Let’s examine the factors affecting the BUSD stablecoin.

BUSD’s market cap takes a major hit

While the BUSD market cap witnessed a large bump on Sept. 30, 2022, those gains came from Binance’s decision to forcefully swap the exchange’s USDC holders to its own stablecoin. Those gains have since evaporated. At the time, the automatic conversions took $3 billion off of USDC’s market cap.

BUSD’s market cap has continued to fall due to problems with the dollar-pegged tokens’ management that first came to light in January 2023. While Binance pushed back on reports that the stablecoin was not fully backed, investor fears led to a major exodus.

According to blockchain analytics provider Nansen, the circulating supply of BUSD decreased to $15.4 billion on Jan. 25. The drop represents a decrease of $1 billion from the previous week and $2 billion compared with December 2022.

Stablecoin market caps. Source: Nansen

The most recent decline sped up BUSD’s market cap decrease from $22 billion when worried investors rushed to withdraw money from Binance after it misrepresented the amount of digital assets in its collateral reserves by combining corporate holdings on reports.

BUSD inflows struggle

When the price of Bitcoin (BTC) is on the rise, like it has been recently, stablecoins typically see a decrease in inflow as investors sell for other assets. A way to measure demand for stablecoins is to look at exchange inflows.

According to analytics provider CryptoQuant:

“Higher value indicates investors who deposited a lot at once are increasing recently. For stablecoin, value rise indicates buying pressure.”

This means negative numbers show a decrease in buying pressure.

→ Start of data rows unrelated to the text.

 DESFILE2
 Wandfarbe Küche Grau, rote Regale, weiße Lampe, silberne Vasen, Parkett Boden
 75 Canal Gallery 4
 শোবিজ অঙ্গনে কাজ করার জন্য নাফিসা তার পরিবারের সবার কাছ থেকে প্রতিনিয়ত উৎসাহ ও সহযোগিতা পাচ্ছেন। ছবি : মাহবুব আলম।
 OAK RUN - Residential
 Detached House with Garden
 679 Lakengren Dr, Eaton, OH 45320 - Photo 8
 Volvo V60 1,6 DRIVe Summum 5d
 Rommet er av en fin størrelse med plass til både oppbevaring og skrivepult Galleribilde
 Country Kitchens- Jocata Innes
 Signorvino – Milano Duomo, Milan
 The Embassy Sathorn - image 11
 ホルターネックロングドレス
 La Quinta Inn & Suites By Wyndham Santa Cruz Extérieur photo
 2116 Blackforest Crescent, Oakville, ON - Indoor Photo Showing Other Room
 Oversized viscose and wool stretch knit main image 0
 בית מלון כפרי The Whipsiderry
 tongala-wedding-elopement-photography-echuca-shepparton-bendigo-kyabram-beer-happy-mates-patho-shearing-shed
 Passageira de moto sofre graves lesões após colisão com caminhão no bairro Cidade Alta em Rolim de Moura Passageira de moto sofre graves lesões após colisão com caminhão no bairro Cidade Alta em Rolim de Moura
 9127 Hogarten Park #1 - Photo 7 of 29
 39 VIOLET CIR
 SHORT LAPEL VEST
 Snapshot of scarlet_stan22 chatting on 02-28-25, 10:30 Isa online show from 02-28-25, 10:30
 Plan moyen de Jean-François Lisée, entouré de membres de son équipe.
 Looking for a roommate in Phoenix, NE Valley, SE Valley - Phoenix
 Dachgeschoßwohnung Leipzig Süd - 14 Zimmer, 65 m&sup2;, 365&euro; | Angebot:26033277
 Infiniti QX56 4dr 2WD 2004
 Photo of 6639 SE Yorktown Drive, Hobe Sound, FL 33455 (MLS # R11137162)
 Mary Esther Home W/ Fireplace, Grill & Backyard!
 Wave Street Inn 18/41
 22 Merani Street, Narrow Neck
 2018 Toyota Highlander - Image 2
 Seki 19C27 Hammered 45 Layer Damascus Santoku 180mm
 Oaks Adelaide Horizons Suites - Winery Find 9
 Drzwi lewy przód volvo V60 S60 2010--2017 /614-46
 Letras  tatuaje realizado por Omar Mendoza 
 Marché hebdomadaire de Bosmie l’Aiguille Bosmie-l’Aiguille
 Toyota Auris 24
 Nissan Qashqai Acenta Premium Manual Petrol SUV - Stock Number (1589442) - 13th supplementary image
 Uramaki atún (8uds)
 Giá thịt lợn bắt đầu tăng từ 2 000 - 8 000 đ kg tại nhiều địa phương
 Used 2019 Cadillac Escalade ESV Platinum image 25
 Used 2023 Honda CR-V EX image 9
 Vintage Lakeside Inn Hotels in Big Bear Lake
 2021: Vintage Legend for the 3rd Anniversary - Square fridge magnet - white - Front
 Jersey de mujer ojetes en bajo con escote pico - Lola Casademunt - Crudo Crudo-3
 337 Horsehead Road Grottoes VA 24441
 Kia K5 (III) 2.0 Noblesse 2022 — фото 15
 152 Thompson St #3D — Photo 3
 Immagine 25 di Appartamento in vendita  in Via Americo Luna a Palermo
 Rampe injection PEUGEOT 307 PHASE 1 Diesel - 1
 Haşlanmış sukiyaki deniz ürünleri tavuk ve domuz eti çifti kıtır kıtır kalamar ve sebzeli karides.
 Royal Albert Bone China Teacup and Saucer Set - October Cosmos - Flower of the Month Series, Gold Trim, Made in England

While all stablecoins are seeing lower demand or inflows, BUSD has witnessed nearly 3x more inflow.

All stablecoins’ inflow versus BUSD. Source: CryptoQuant

The massive decrease in demand may continue as the markets continue to rise and questions around BUSD remain.

The majority of BUSD is on Binance

Stablecoins see an uptick in demand when they are utilized in trading pairs with altcoins. The trading use case works on both centralized exchanges (CEX) and decentralized exchanges (DEX).

A concerning statistic surrounding BUSD is the lack of stablecoin use outside of its parent exchange, Binance. While $13.8 billion in BUSD resides on Binance, the next closest tally is $32.6 million in BUSD on Crypto.com. While Crypto.com may be the second-largest exchange for BUSD, USDC is the largest stablecoin on the CEX, with $582 million, dwarfing BUSD’s numbers.

Stablecoins on exchanges, sorted by BUSD. Source: Nansen

The lack of use cases following the major decrease in demand for BUSD does not bode well for its market cap if the trend sustains over a long period of time. Combining these two negatives with the recent move by SWIFT to ban dollar transfers lower than $100,000 on Binance suggests that the stablecoin could continue to face major headwinds.